If disk costs are irrelevant, and you want the best possible
redundancy, you could try RAID-1 (in effect implemented as RAID-10).
Or maybe RAID-5 might work better than RAID-3: few people use RAID-3
today, so it is quite possible that RAID-5 implementations have been
carefully tested and tuned, and are quite fast.

Another warning: If you think RAID will give you redandancy, and at
the same time you are relying on maxing out the performance of the
disk array, you are cheating yourself. What I mean is this: If you
buy a disk array that can barely handle 200 MB/sec (meaning your
configuration is cost optimized), then it will not handle that
bandwidth in degraded mode (with a dead disk). RAID redundancy is in
some sense about preserving your data; while running with a dead disk,
the speed will be quite low. If your data is lost for good if you
can't write it to disk, you'll have to significantly overdesign your
RAID arrays to make sure they can handle the traffic even in degraded
mode.

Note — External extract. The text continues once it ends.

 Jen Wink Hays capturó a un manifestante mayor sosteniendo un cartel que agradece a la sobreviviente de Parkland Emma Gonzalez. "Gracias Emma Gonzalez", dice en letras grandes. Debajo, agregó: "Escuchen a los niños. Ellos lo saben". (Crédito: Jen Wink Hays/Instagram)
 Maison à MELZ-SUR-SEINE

This should be less of an issue for RAID-1 (which is easier to
write to in degraded mode) than for the parity-based RAIDs.

Happy experimenting!

--
The address in the header is invalid for obvious reasons. Please
reconstruct the address from the information below (look for _).
Ralph Becker-Szendy _firstname_@lr_dot_los-gatos_dot_ca.us
Bill Todd

2005-07-17, 2:45 am

_firstname_@lr_dot_los-gatos_dot_ca.us wrote:

....

> Another warning: If you think RAID will give you redandancy, and at
> the same time you are relying on maxing out the performance of the
> disk array, you are cheating yourself. What I mean is this: If you
> buy a disk array that can barely handle 200 MB/sec (meaning your
> configuration is cost optimized), then it will not handle that
> bandwidth in degraded mode (with a dead disk). RAID redundancy is in
> some sense about preserving your data; while running with a dead disk,
> the speed will be quite low. If your data is lost for good if you
> can't write it to disk, you'll have to significantly overdesign your
> RAID arrays to make sure they can handle the traffic even in degraded
> mode.


While I generally agree with the other points you made, my distinct
impression is that good RAID-3 implementations (unlike, say, RAID-4, -5,
or -6) suffer no noticeable performance degradation (for either reads or
writes) while running with a dead disk. That was one of the reasons I
suggested it.

- bill
_firstname_@lr_dot_los-gatos_dot_ca.us

2005-07-18, 2:46 am

In article <OJWdnYuY47nSaUTfRVn-rA@metrocastcablevision.com>,
Bill Todd <billtodd@metrocast.net> wrote:
>_firstname_@lr_dot_los-gatos_dot_ca.us wrote:
>
>...
>
>
>While I generally agree with the other points you made, my distinct
>impression is that good RAID-3 implementations (unlike, say, RAID-4, -5,
>or -6) suffer no noticeable performance degradation (for either reads or
>writes) while running with a dead disk. That was one of the reasons I
>suggested it.


I agree, and correction gladly accepted. With one minor fly in the
ointment: While the disk is dead, things should run just fine. As
soon as you put a spare disk in, the array might try to rebuild onto
the new disk; that rebuild will compete with the foreground workload.
With good systems management, this could be circumvented, for example:
once a LUN has a dead disk, slowly drain the data from it, then get
the disk array to accept a spare disk without rebuilding, for example
by destroying the LUN, and recreating it using the spare (doing all
this on a live system without having to shut the software stack down
might be tricky).

Compared to all the other questions the original poster should think
about (SCSI or FC? Commercial disk arrays or JBODs? PCI/AGP and
memory bandwidth? Redundancy or not? Stripe by hand, by LVM, or not
at all? and many others) the selection of RAID level is actually a
minor point.

--
The address in the header is invalid for obvious reasons. Please
reconstruct the address from the information below (look for _).
Ralph Becker-Szendy _firstname_@lr_dot_los-gatos_dot_ca.us
Maxim S. Shatskih

2005-07-18, 2:46 am

> Also, AFAIK the AGP bus is a superset of the PCI bus, just on a
> different connector. If you are custom-building your electronics, you
> might want to use the AGP connector.


AGP is obsolete, being replaced by PCI-X in all newer mobos, even for home
gaming platforms.

AGP is rather hardly 3D-oriented, while PCI-X is universal.

--
Maxim Shatskih, Windows DDK MVP
StorageCraft Corporation
maxim@storagecraft.com
http://www.storagecraft.com


Zak

2005-07-18, 7:46 am

Maxim S. Shatskih wrote:

> AGP is obsolete, being replaced by PCI-X in all newer mobos, even for home
> gaming platforms.


PCI-express, that is. PCI-X is 100/133 MHz PCI in servers, PCI express
is a serial version.


Thomas
jim_nospam_beasley@yahoo.com

2005-07-19, 2:46 am

I appreciate the advice. I am absorbing it a fast as I can.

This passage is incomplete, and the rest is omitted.